The commission voted 8 to 1 on Thursday to adopt revised findings regarding its decision this past September to deny approval to Newport Banning Ranch LLC, which sought to develop a coastal oil field that also serves as vital habitat for endangered species and contains vestiges of California's vanishing coastal wetlands.
Despite the impassioned pleas of Banning Ranch's lead counsel Steve Kaufmann, who repeatedly said the adoption of revised findings would preclude his clients from pursuing a project that he characterized as replete with coastal access and environmental benefits.
"These revised findings do not accurately reflect your discussion following the September meeting and do not reflect the basis of your denial," Kaufmann said during his presentation to the commissioners at the commission's regular monthly meeting.
Kaufmann said the commissioners had noted they lacked pertinent information regarding the burrowing owl, an endangered species that some scientists say use the expansive Banning Ranch property as a breeding ground, and whether the property was culturally significant for Native American tribes indigenous to the area.

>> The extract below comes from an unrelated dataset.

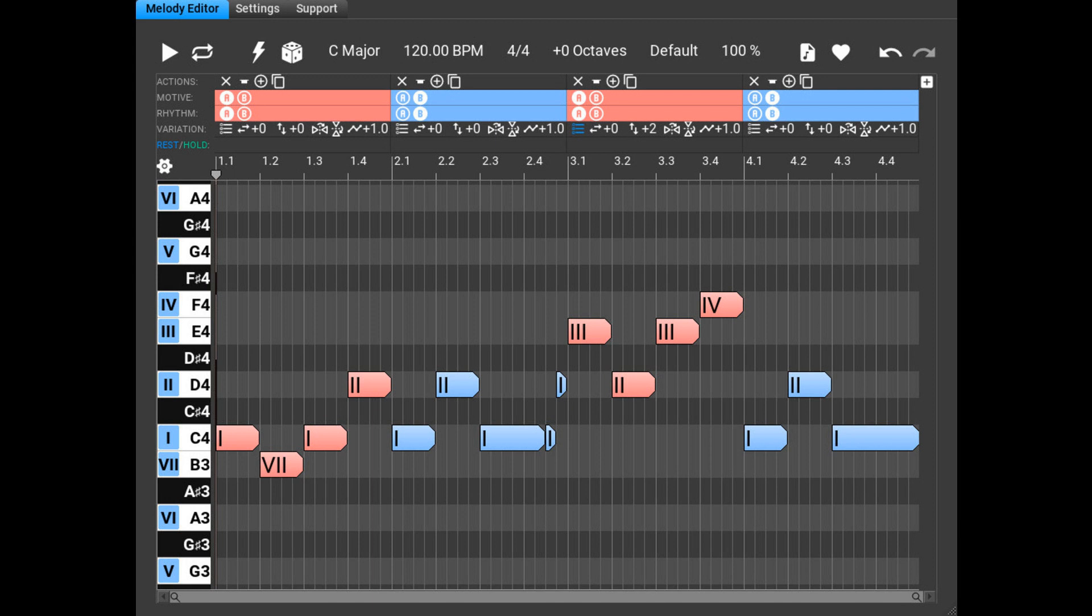Music Developments has updated Melodia to version 1.4.0 and MIDI Mutator to version 1.1.0. The new updates include a major UI rewrite and some new features.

"The draft of the revised findings does not reflect those deliberations and they preempt any future meaningful review of this property," Kaufman said, adding that the revised findings appeared to indicate the commissioners gave a broad-based denial of the project on several factors that were not cited or considered.
Commissioner Mark Vargas, the sole dissenting vote against adopting the revised findings, said there was a significant gap between what the commissioners said during the September meeting and what staff presented on Thursday.
He voted to deny the project in September in hopes that "we can have our staff work with applicants’ staff to find the most appropriate project possible."
However, commission attorney Chris Pederson said adoption of the revised findings did not necessarily prevent applicants from bringing new information that may prompt the commission to reconsider its decision or bring an altogether new project configuration forward.
Revised findings is a process the Coastal Commission engages in after the denial of a project to solidify the specific findings upon which the commission, a quasi-judicial entity, based its decision.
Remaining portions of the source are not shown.